The boat left Canindé de São Francisco just after seven in the morning, when the air still carried the cool of the previous night. We headed upriver into the gorge, and I sat at the prow watching the canyon walls build on either side of us. At first it was gradual — the banks rising, the scrub giving way to sheer sandstone, the colour of the stone shifting from ochre to rust to a deep burgundy as the morning light found different angles. Then the canyon bent to the left, the walls shot up to a hundred metres on both sides, and the São Francisco running between them turned a colour I did not expect: a clear, bright blue-green that looked borrowed from somewhere tropical.

The Xingó Canyon in full depth, the São Francisco River running turquoise between towering rust-coloured sandstone walls, a small tour boat visible below

The canyon exists because of the Xingó hydroelectric dam, completed in 1994, which flooded the original gorge and created the reservoir that now fills the lower sections of the canyon with that improbable water colour.

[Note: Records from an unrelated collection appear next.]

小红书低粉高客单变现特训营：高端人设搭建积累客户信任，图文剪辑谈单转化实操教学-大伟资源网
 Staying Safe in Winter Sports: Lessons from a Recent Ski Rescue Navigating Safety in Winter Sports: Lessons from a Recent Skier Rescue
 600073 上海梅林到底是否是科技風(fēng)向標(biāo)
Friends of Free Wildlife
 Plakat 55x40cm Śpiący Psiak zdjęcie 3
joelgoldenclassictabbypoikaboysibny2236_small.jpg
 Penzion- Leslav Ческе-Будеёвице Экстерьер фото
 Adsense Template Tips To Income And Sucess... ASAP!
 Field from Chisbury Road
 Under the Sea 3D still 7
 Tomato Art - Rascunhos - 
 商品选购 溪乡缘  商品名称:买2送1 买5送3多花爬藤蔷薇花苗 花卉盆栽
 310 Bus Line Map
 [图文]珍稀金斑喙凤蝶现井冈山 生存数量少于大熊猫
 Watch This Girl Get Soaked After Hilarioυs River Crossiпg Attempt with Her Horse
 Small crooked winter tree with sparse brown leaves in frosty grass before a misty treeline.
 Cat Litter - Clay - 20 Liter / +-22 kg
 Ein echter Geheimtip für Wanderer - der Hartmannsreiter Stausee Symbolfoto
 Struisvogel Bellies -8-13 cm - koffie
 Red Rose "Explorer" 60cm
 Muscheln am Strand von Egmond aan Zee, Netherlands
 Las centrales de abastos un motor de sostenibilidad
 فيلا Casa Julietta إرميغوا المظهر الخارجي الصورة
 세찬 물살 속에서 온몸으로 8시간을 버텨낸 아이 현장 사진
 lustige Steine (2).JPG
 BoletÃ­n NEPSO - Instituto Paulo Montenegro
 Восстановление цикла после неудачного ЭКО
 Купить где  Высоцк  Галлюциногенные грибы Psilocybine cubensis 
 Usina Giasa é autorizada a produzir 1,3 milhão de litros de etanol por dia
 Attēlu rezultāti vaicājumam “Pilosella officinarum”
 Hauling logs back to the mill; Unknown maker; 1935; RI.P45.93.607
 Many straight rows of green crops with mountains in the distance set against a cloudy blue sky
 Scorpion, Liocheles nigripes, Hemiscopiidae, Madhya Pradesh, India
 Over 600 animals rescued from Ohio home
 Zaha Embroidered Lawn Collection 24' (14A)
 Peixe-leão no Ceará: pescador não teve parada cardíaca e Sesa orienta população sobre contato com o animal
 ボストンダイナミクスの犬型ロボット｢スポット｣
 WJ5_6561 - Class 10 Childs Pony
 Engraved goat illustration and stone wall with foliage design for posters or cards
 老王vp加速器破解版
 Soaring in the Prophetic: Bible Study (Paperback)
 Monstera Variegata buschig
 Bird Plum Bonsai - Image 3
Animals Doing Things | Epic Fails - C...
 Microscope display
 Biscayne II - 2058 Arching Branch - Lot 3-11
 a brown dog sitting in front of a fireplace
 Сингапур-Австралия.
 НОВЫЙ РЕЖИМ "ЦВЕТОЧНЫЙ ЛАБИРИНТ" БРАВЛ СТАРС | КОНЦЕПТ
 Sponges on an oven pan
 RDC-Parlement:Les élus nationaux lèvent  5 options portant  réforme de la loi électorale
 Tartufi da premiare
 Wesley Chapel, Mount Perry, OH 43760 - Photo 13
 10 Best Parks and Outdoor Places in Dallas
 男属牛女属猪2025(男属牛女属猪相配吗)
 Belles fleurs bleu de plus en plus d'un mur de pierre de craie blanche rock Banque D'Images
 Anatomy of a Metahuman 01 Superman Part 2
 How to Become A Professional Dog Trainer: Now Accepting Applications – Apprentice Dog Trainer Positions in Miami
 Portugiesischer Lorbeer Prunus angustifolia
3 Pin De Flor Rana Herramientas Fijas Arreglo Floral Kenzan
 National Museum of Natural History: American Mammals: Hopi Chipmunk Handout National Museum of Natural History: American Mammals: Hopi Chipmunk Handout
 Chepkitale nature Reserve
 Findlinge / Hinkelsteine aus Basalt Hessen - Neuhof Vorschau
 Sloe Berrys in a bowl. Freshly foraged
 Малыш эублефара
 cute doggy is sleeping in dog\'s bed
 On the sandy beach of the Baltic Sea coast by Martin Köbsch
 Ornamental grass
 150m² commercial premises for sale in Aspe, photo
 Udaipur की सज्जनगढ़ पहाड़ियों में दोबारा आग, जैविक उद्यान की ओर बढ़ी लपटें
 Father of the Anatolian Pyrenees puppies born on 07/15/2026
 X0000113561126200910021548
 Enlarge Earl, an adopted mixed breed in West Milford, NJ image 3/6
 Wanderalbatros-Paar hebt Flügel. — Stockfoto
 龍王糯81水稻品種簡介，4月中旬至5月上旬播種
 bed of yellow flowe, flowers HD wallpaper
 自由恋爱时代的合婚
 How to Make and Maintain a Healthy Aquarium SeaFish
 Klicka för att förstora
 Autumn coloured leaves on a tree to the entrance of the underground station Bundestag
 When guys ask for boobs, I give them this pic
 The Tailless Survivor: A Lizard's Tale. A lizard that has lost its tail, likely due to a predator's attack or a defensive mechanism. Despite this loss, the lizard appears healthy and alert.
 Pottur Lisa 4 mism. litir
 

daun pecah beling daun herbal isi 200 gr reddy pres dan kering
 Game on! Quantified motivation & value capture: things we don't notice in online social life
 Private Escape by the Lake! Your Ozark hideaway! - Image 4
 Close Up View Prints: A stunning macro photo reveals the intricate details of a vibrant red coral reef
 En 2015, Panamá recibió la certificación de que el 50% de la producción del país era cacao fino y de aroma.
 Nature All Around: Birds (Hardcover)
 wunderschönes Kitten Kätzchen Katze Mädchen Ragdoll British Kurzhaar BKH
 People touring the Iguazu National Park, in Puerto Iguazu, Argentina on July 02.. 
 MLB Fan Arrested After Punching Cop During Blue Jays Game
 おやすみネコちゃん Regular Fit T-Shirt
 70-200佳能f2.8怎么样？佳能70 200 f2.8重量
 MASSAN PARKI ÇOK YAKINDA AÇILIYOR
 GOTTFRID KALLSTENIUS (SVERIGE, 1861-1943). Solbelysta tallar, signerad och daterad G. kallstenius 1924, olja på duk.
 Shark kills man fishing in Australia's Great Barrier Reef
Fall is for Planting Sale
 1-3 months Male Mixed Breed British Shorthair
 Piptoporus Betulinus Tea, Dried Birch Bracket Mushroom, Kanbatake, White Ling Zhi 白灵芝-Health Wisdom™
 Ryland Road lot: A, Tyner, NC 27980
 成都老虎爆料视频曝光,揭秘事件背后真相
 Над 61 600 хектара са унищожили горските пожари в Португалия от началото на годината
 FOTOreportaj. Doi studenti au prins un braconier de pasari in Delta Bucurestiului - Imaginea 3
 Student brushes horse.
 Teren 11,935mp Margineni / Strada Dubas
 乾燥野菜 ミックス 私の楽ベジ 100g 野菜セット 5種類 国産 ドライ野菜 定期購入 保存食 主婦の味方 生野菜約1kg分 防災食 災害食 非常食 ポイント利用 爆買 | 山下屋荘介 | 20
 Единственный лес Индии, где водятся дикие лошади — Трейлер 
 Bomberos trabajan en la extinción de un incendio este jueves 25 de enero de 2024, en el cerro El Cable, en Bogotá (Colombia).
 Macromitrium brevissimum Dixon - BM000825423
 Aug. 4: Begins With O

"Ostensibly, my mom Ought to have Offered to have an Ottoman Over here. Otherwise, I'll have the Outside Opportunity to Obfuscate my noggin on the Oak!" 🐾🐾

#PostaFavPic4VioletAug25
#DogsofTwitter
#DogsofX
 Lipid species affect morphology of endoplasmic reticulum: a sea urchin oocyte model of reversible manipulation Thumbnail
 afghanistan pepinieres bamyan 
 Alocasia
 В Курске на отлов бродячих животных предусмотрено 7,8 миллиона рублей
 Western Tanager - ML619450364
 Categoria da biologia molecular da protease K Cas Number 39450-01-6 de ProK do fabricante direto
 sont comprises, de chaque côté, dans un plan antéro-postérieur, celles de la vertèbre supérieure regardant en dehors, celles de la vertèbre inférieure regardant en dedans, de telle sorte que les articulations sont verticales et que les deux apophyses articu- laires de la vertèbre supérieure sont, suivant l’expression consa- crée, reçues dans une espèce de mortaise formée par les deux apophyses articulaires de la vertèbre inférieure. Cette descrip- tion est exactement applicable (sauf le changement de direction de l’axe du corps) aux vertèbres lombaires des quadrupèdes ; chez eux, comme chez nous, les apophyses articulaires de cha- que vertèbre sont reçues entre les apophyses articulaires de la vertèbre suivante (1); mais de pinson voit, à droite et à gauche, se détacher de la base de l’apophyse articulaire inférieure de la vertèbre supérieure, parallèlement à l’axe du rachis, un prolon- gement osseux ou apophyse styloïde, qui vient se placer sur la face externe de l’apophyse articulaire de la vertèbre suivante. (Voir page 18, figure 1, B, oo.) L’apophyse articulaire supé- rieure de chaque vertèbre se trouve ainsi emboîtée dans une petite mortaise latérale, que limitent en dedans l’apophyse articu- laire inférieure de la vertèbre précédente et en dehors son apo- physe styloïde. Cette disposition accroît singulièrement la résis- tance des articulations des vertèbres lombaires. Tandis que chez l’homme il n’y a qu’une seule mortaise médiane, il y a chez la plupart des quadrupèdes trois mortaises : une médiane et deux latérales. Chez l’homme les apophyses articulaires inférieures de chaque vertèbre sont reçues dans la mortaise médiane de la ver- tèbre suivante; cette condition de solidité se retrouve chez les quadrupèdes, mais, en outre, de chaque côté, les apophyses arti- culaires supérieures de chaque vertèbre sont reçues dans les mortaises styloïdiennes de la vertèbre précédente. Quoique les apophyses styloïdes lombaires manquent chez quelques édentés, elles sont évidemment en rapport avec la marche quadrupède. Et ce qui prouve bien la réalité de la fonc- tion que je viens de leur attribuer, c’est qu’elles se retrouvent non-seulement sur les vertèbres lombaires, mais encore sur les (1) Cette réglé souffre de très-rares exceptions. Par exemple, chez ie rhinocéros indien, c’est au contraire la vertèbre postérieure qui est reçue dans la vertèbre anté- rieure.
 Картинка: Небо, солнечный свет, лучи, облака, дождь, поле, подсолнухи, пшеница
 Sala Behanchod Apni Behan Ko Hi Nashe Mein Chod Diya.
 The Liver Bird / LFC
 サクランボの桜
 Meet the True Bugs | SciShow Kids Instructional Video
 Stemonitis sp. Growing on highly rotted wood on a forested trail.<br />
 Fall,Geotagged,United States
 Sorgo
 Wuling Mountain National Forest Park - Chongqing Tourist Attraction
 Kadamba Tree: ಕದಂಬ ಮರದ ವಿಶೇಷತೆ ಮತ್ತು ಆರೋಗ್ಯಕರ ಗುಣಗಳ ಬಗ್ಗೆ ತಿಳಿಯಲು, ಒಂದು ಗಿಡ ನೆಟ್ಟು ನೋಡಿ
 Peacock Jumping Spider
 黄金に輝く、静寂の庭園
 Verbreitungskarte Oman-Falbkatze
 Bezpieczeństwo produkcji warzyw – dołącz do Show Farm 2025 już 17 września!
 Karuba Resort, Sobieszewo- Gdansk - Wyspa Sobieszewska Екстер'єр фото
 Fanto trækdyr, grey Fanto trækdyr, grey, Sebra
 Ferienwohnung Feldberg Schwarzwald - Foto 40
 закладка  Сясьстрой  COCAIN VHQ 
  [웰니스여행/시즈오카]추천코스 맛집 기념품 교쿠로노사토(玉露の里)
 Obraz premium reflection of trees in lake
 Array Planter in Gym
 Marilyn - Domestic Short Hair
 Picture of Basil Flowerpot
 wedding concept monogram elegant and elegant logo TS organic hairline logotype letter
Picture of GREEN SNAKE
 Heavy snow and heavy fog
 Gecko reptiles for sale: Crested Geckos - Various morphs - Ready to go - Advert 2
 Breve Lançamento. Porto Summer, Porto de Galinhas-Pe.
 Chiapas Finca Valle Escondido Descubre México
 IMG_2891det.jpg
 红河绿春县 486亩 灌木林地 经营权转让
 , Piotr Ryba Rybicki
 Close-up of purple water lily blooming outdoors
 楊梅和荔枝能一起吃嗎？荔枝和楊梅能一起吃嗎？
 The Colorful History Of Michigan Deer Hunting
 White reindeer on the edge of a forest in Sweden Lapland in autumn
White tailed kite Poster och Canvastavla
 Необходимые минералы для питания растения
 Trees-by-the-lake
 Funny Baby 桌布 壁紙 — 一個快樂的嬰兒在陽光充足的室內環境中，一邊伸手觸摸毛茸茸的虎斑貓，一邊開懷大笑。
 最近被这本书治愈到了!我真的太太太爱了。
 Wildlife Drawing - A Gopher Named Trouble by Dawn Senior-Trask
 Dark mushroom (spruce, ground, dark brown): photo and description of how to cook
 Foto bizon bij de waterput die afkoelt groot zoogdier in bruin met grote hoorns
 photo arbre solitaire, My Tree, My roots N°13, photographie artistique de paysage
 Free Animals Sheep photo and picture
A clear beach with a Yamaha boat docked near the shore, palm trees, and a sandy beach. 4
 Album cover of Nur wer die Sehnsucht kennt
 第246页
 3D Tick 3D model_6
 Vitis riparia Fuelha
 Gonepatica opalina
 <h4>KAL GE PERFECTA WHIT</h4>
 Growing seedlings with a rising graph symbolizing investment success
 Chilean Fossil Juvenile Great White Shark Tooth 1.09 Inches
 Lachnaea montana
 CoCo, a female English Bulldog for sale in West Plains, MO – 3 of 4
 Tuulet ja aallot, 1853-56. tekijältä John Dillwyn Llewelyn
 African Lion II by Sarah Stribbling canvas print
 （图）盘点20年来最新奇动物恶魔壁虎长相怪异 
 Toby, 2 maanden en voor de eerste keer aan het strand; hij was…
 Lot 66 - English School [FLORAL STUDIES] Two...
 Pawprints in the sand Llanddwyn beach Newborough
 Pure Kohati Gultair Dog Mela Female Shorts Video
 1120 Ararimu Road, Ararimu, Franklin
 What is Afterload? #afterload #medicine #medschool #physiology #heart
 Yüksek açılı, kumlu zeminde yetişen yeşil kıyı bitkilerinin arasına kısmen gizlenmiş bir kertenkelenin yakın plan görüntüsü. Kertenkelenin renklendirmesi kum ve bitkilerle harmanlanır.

Whether this makes it natural or artificial is a question I kept turning over — the walls were always there, and the canyon itself formed over millions of years, but the water that fills it is engineered. The effect, regardless, is genuinely extraordinary: xique-xique cacti growing from cracks in the vertical walls, their fat ribbed columns descending to the waterline; swallows nesting in the cliff faces at a height I could not estimate; in one narrow side gulch, a waterfall that drops maybe thirty metres into a pool the colour of a swimming pool advertisement.

Small waterfall cascading into a jade-green pool in a narrow side gulch of the Xingó Canyon, caatinga vegetation framing the rock walls

The tour boats stop at several points where you can swim, and I did, and the water was cooler than the air by about fifteen degrees. The contrast with the landscape above — the dry, thorned, bleached caatinga stretching in every direction from the canyon rim — was almost hallucinatory. At one point I floated on my back and looked up at the strip of blue sky between the canyon walls and thought: this is what the biome keeps hidden. All that apparent desolation above ground, and then this — water so clear you can see your feet at three metres depth, the walls going up on both sides like the walls of a cathedral that someone forgot to finish.

When to go: Year-round, but April through September offers the clearest water and most stable weather. November through January brings rains and higher river levels that can muddy the water. Book boat tours from Canindé de São Francisco at least a day ahead during Brazilian holidays.